The Energy Department’s Office of Environmental Management (EM) could be just days from awarding a new contract for legacy nuclear cleanup operations at the Los Alamos National Laboratory in New Mexico.
A major procurements update from EM, dated Aug. 11, says the contract was due to be issued from June to August of this year. The Environmental Management office did not say last week whether it anticipated meeting that schedule.
One industry source said Fluor and CH2M are believed to have bid on the contract, but could not say whether the companies might be teaming with other firms. The source did not know what other companies might also be seeking the contract.
Fluor did not respond to a request for comment regarding a potential bid on cleanup at the nuclear-weapon lab, while CH2M declined to comment. Both companies sent representatives to a pre-solicitation conference on the contract in June 2016, along with an October 2016 site tour.
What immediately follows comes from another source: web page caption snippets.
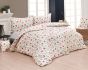 Povlečení Matějovský DIANNE, vlčí máky a chrpy na smetanové (více materiálů, rozměrů)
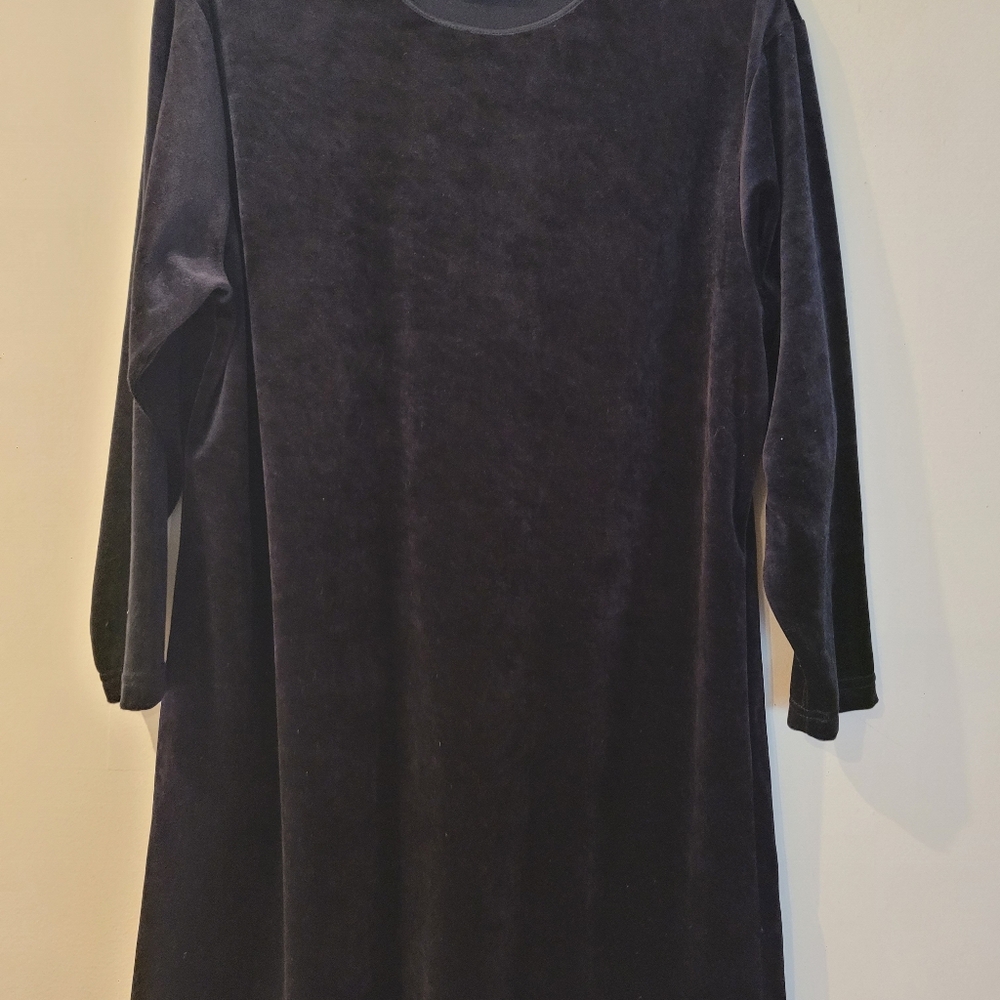 Russ Womens Black Velour Dress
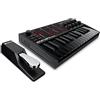 AKAI Professional MPK Mini MK3 Black + M-Audio SP-2 - Tastiera MIDI Controller USB con 25 Tasti, 8 PAD e Software + Pedale di Sustain Universale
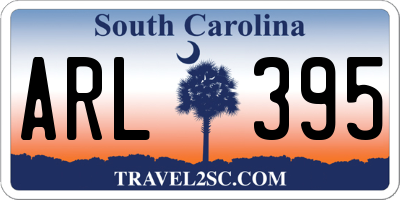 SC license plate ARL395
Many of the major contractors in the DOE cleanup complex were also represented, including AREVA, CB&I, Atkins, Stoller Newport News Nuclear, and BWX Technologies.
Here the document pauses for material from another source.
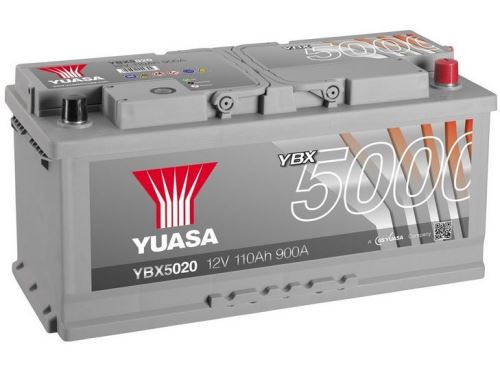 Autobaterie Yuasa Silver High Performance 110Ah, 12V, 900A (YBX5020) (2)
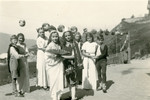 Jewish children perform in a summer camp in Feldis Switzerland.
Lab management and operations prime Los Alamos National Security currently handles legacy cleanup under a bridge contract that expires on Sept. 30. It appears unlikely the contractor – a partnership of Bechtel National, BWX Technologies, AECOM, and the University of California – would secure the follow-on contract after a February 2014 radiation release at DOE’s Waste Isolation Pilot Plant near Carlsbad, N.M., was connected to a container of waste shipped from Los Alamos.
The new contract is expected to have a performance term of up to 10 years, covering management of waste produced at the lab from 1970 to 1998 – DOE’s semiautonomous National Nuclear Security Administration, which oversees LANL, is responsible for waste produced after 1998. Operations under the new EM contract include remediation of contaminated facilities at the laboratory; collection and preparation of legacy mixed-low level radioactive waste and transuranic waste for transport to permanent storage; and decontamination, decommissioning, and demolition of “facilities that impede the timely execution of environmental restoration activities.”